2. Don’t bring anything to the table. I was invited to be a part of a group of experienced consultants. Never having met most of them before I made sure to bring some resource that would show them my heart for leaders and encourage them. I brought a book and gave them free access to a leadership membership site I helped build. When you show up with something in your hand to the table it communicates your values immediately opens up opportunity for faster connections. These simple gestures have led to the beginning of great relationships. When you don’t bring anything to the table you often don’t get invited back. If nothing else pay for breakfast or lunch.
3. Refusing to learn from someone younger than you. The person does not always have to be older than you to mentor you.
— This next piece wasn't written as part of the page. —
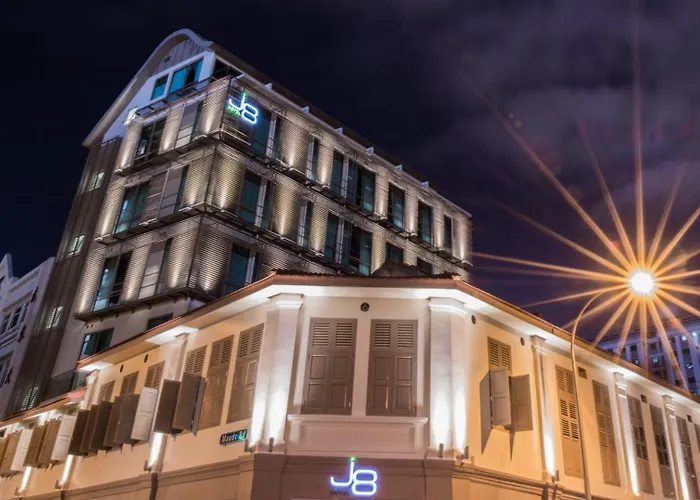 Cheap hotel: J8 Hotel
A friend of mine, Earl Creps, wrote a book on this subject called Reverse Mentoring. In his book, Earl takes up the topic of how older church leaders can learn from younger leaders who are more conversant with culture, technology, and social context. I believe God releases special grace when older leaders open their heart to learn from younger leaders. I have discovered even in my current context that experience usually comes with age, but influence is not limited to age. Anyone can influence you positively if you are teachable. Refusing to learn from someone younger can leave you stuck right where you are at.
4. Not valuing your mentor’s time. Be on time, Be prepared, come with questions, put your phone away, take notes, and don’t try to impress your mentor with your knowledge. Come hungry to learn and listen. Give them you’re full attention.
In Brady Boyd’s book, “Addicted to Busy” he tells a story of an incident that happened when a young man asked him for some pastoral coaching:
“Ten minutes into the requested breakfast meeting, I regretted having said yes. The young man who had asked for the get-together—he needed some pastoral coaching, evidently—was sitting across from me at the diner, and now, there at the restaurant, with my full attention pointed his way, he had the gall to check his smartphone what seemed like every sixteen seconds. He checked it while I was ordering my meal, he checked it just after he ordered his meal, he checked it while I answered his questions, and he even checked it while he asked them. Unless the guy was waiting on word of an organ transplant—which I quickly learned he wasn’t—his lack of focus was totally unacceptable. My irritation quickly birthed a fury that made me cut the meeting short, and I bolted.”
Bottom line don’t waste anyone’s time if you can’t give them your undivided attention.
5. Having Unrealistic Expectations. Approach a potential mentor with the mindset that this is the only meeting your are going to get. Be appreciative the first time you meet, like it will be the last time you meet. This is a privilege and an honor that the person would take time out of their demanding schedule to meet with you. Being grateful will keep you from being unrealistic. Remember, no one owes you anything, but you owe it to yourself to have an attitude of gratitude about anything the person gives you.
By mentioning these 5 mishaps I hope it will prevent you from making the mistakes many people make when it comes to finding a mentor. I have found that building a relationship with your mentor always precedes what you receive from a mentor. Make the investment and don’t expect something from someone without first expecting something from yourself.
What are some other pitfall you have experienced in trying to find a mentor?